** Opening Records for processing block **

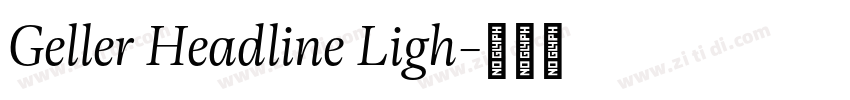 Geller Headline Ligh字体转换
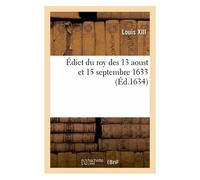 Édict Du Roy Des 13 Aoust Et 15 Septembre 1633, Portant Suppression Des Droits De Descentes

** Closing Records for processing block **
** Opening Records for processing block **

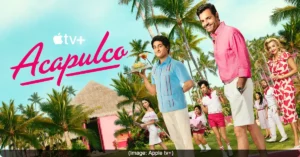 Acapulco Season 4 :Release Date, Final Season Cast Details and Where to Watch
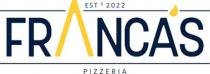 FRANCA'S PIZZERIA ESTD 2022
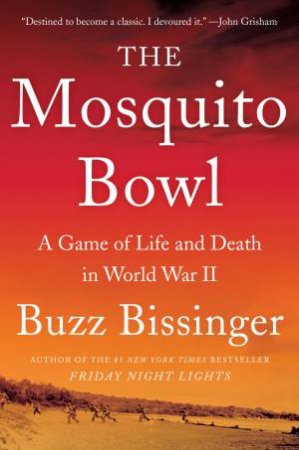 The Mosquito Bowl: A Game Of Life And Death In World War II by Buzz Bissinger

** Closing Records for processing block **

Problem requirements:
Pictures in the entries do not go into the copy. Print only the lines starting at the one containing "Acapulco Season 4" and ending at the one containing "The Mosquito Bowl: A", exactly as they appear.

Solution to this exercise:
 Acapulco Season 4 :Release Date, Final Season Cast Details and Where to Watch
 FRANCA'S PIZZERIA ESTD 2022
 The Mosquito Bowl: A Game Of Life And Death In World War II by Buzz Bissinger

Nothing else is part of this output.